The duration of stagnant summer weather in New York has increased by as much as 11 days since 1973, while mosquito season duration has increased to 100 days, up from 70 days on average per year in the 1980s. “Danger days”, defined as days in which the heat index registers above 105 degrees, such as in cities like Buffalo, are projected to increase to 15 days by 2050, increasing from just 1 day in 2000. Over half a million people living in New York are especially vulnerable to the extreme heat that climate change may bring about, with New York currently averaging less than 5 danger days currently. Urban heat islands are also manifesting, as summer heat in the city is up to 20 degrees hotter than in nearby rural areas. Temperature averages are following suit, expected to increase by about one degree in the span of 30 years. By 2050, summer drought intensity is projected to more than double in New York, whereas rain precipitation will be more prevalent than snow in the winter.
Heavy precipitation frequencies are increasing throughout the country, although in New York, heavy downpours have increased by over 70% since 1958. Because over 240,000 people in New York live in areas at risk of inland flooding, this will prove problematic. Inland flooding percentages are expected to increase by 20% by 2050. Roughly 431,000 people in New York are alternatively at risk of coastal flooding with an additional 228,000 projected to be at risk by year 2050 due to sea-level rise. Interestingly enough, nearly 80% of total floods are caused by humans, revealing the severity of manmade disasters in this particular threat. Stronger and more frequent storms are persisting during the Atlantic hurricane season which directly affects flooding and other adverse conditions. For example, Hurricane Sandy caused nearly 11 billion gallons of sewage overflow in New York when it landed in 2012.

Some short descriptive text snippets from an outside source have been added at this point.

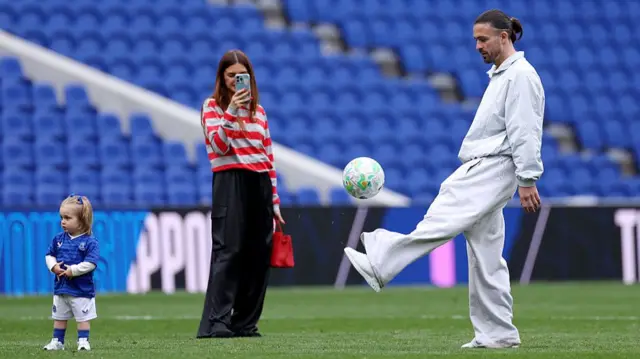 Jack Grealish playing football with his daughter at the Hill Dickinson Stadium after their final match against Sunderland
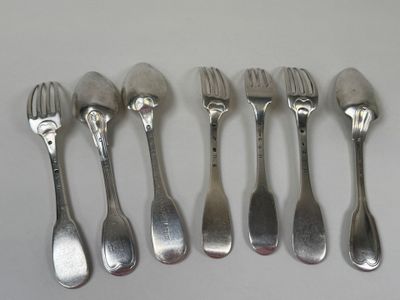 six forks and spoons are lined up on a white surface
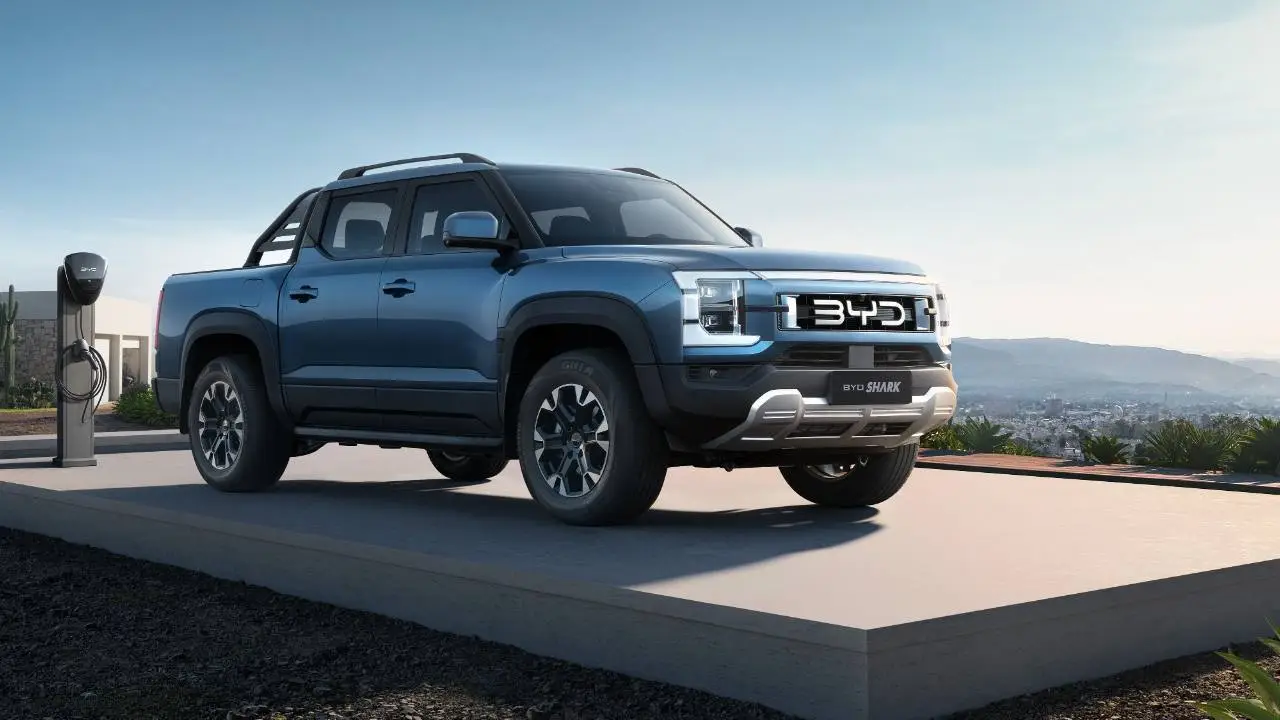 Una camioneta pickup azul estacionada en una plataforma exterior con un cargador eléctrico al lado.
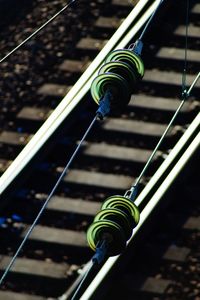 High angle view of ropes tied on metal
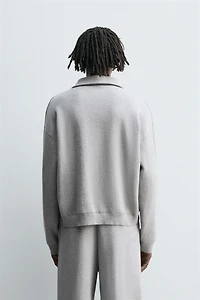 POLO EN MAILLE À COL ZIPPÉ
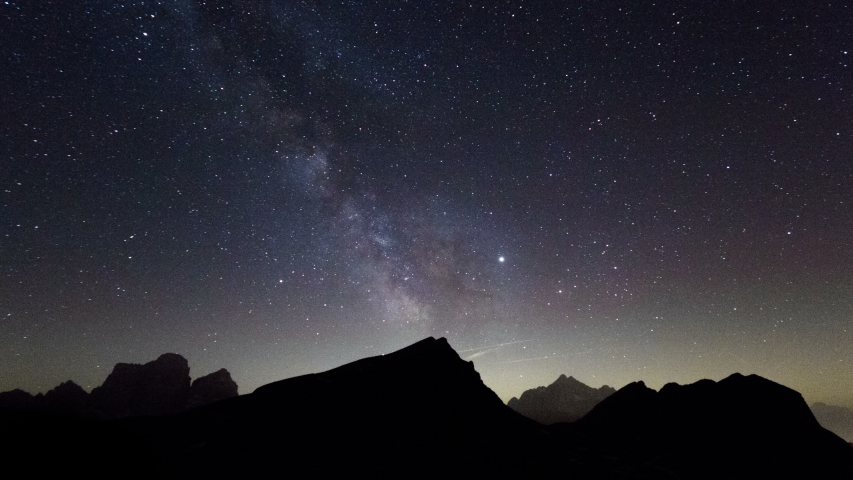 Milky Way Galaxy astronomy time lapse.  Timelapse stars moving above mountain valley in Dolomites Italy South Tyrol. Light pollution near horizon, science space universe presentation.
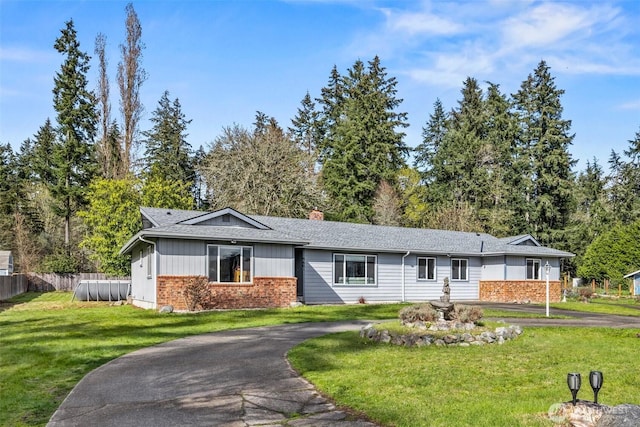 single story home with a chimney, fence, aphalt driveway, a shingled roof, and a front lawn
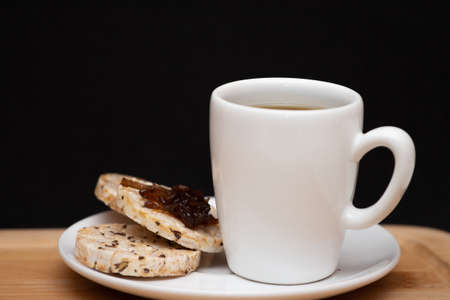 a cup of coffee beside a rice vegan cookies with jelly on the topの写真素材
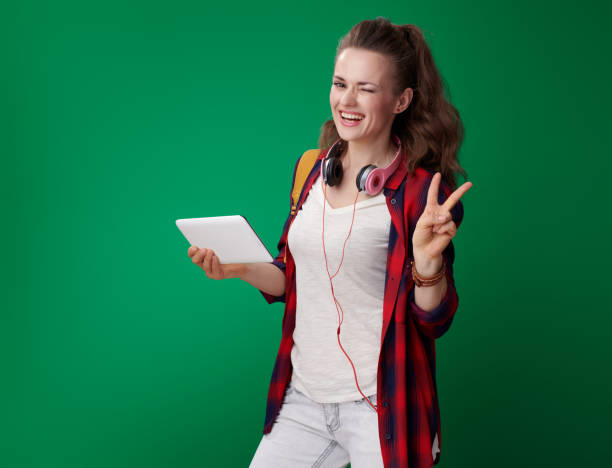 istock student woman with tablet PC showing victory isolated on green 1030274368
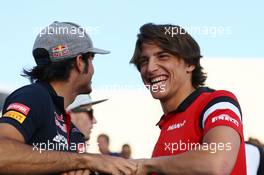 (L to R): Carlos Sainz Jr (ESP) Scuderia Toro Rosso with Roberto Merhi (ESP) Manor Marussia F1 Team on the drivers parade. 19.04.2015. Formula 1 World Championship, Rd 4, Bahrain Grand Prix, Sakhir, Bahrain, Race Day.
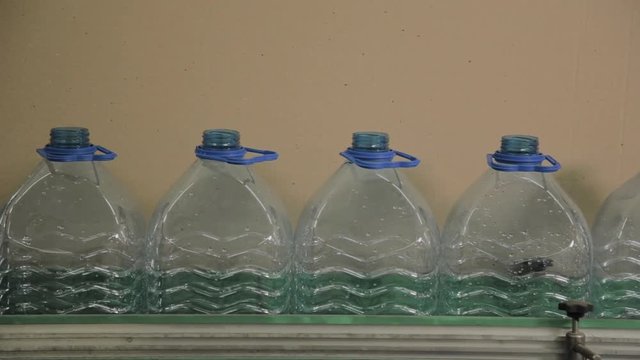 Plastic bottle manufacturing line. Plastic molding bottling factory. Blanks of plastic bottles in the factory.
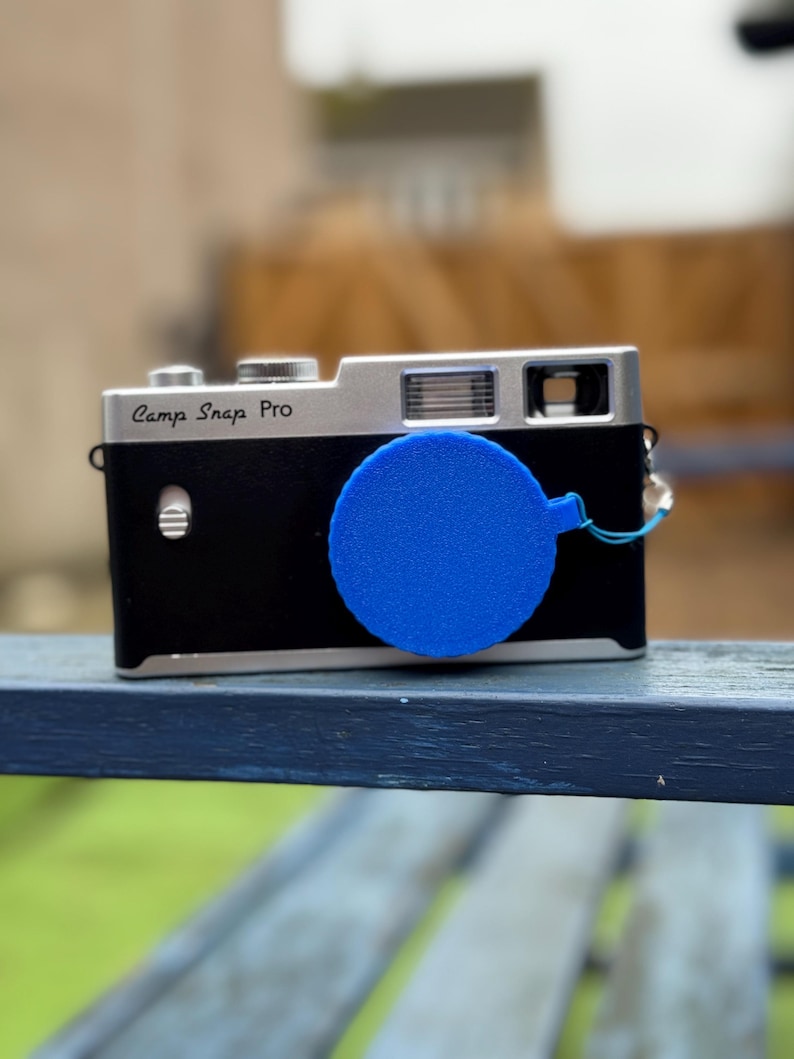 Pode incluir: Uma c&acirc;mera preta e prateada com o texto "Camp Snap Pro" na frente. Uma tampa de lente azul est&aacute; presa &agrave; c&acirc;mera. A c&acirc;mera est&aacute; em uma superf&iacute;cie azul.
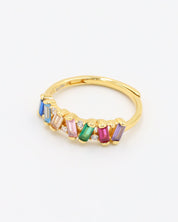 A gold-colored ring with multicolored gemstone accents
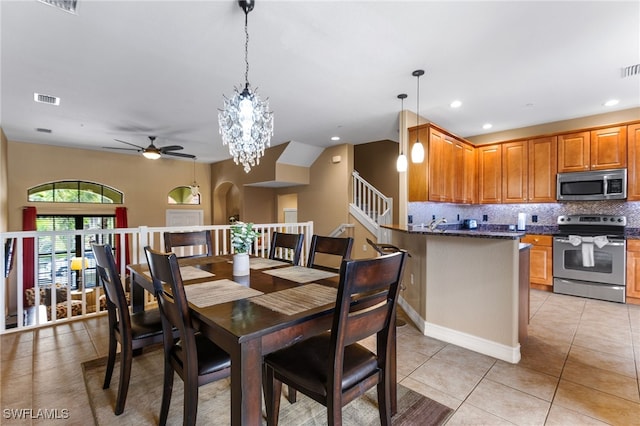 tiled dining area featuring ceiling fan with notable chandelier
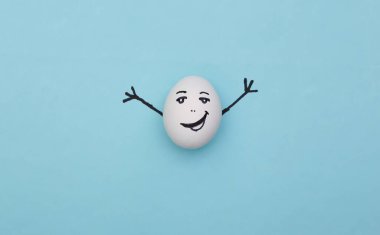 Mavi arka planda elle çizilmiş mutlu yumurta.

Sea-level rise also serves as a large threat in New York and has been a cause for concern for a long time. Sea-level rise attributed to climate change along the coast of New York City is estimated to rise from between 1 to 3 ½ feet by 2080, with storm surges increasing by as much as 15 feet. Due to this, widespread coastal flooding, along with other undesirable conditions and effects, are predicted to occur. By 2050, New York is expected to have 150 square miles in its 100-year coastal floodplain wherein the probability of experiencing a flood in a single year is greater than or equal to 1%. This is a 50% increase from New York’s current 100 square mile 100-year floodplain.
Climate change is an international issue that not only affects the current global population, but future generations as well. Several risks and threats around the world persist and will worsen due to climate change and will devastate the humankind’s way of life. New York specifically finds itself faced with many adverse problems, such as extreme heat, droughts, flooding, et al. Therefore, climate change mitigation efforts should be taken to effectively and efficiently combat the risks brought about as a result of this crisis.